Deriving formula for curve given a set of points I'm looking for a way to derive the equation of a curve that will fit a set of points. 
I have a set of points like this:
{130,20},
{150,30},
{160,40},
{165,50},
{175,60},
{185,70},
{192,80},
{200,90},
{205,100},
{210,120},
{215,140} 
How can I programmatically derive a formula for this curve? I'm writing software that will have different data for the X values but all data will follow the general shape of the curve.  
For more background information, I'm estimating Training Stress Score (Y values) from heart rate (x values).

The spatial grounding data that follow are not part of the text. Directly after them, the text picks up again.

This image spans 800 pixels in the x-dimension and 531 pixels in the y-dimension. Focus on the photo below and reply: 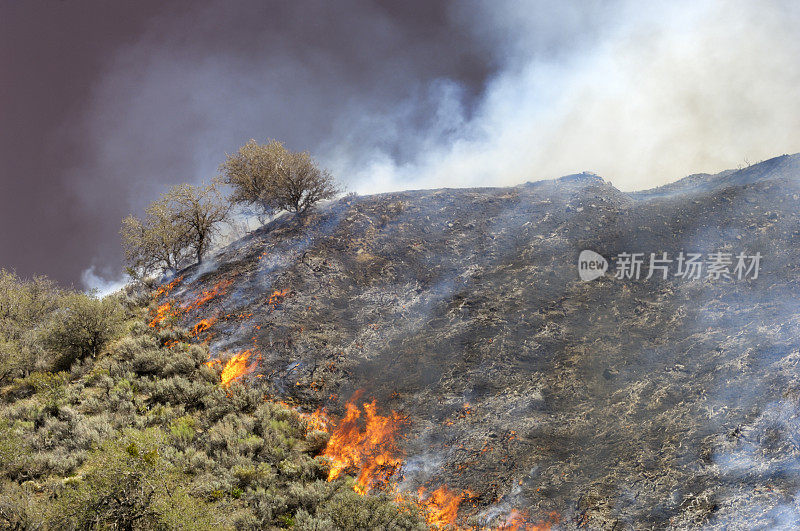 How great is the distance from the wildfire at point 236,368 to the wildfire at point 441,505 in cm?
885

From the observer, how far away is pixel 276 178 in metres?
24.6

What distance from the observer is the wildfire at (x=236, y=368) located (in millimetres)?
15930

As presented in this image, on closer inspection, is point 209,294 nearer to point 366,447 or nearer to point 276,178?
point 276,178

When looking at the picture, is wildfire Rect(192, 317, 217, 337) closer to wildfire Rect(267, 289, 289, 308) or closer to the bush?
wildfire Rect(267, 289, 289, 308)

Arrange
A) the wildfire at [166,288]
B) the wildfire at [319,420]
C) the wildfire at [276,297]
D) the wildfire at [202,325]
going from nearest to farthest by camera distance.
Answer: the wildfire at [319,420]
the wildfire at [202,325]
the wildfire at [276,297]
the wildfire at [166,288]

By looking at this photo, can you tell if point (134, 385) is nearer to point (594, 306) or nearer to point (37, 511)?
point (37, 511)

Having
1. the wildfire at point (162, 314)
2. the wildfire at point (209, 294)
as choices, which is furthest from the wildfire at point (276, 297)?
the wildfire at point (162, 314)

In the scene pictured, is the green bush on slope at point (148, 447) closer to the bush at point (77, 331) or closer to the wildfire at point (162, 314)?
the bush at point (77, 331)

More information on that here: https://www.trainingpeaks.com/blog/estimating-training-stress-score-tss/.
So given a heart rate of 170, it would return a value of 50. However, this should be able to be made more accurate with a curve since a heart rate of 174 should have a TSS value of closer to 60 than 50. 
Since I'll be allowing a user to define their own heart rate values (depending on their own personal heart rate zones), the method of finding the curve will need to be derived from those values. 
 A: A simple approach which preserves the monotonicity (strict increasing property) of the data is linear interpolation.
In the case you mentioned for a heart rate of $170$, this occurs at the midpoint between the points $(165,50)$ and $(175,60)$.  Linear interpolation thus returns the midpoint value of $55$ for heart rate $170$, and for heart rate $174$ we get:
$$ 50 + (174 - 165)\frac{60-50}{175-165} = 59 $$
In general one locates the two data points $(x_0,y_0)$ and $(x_1,y_1)$ which bracket an input value $X$, i.e. $x_0 \lt x \lt x_1$ in ascending order, and we calculate:
$$ y = y_0 + (x - x_0) \frac{y_1 - y_0}{x_1 - x_0} $$
A: I don't know much about the technical details for this kind of thing, but here is the way I heuristically think of polynomial approximation:
When I say point, I mean "generically," as in assuming that the points are distinct, and no $k+2$ live on a $k$-dimensional affine space (point, line, plane, etc.)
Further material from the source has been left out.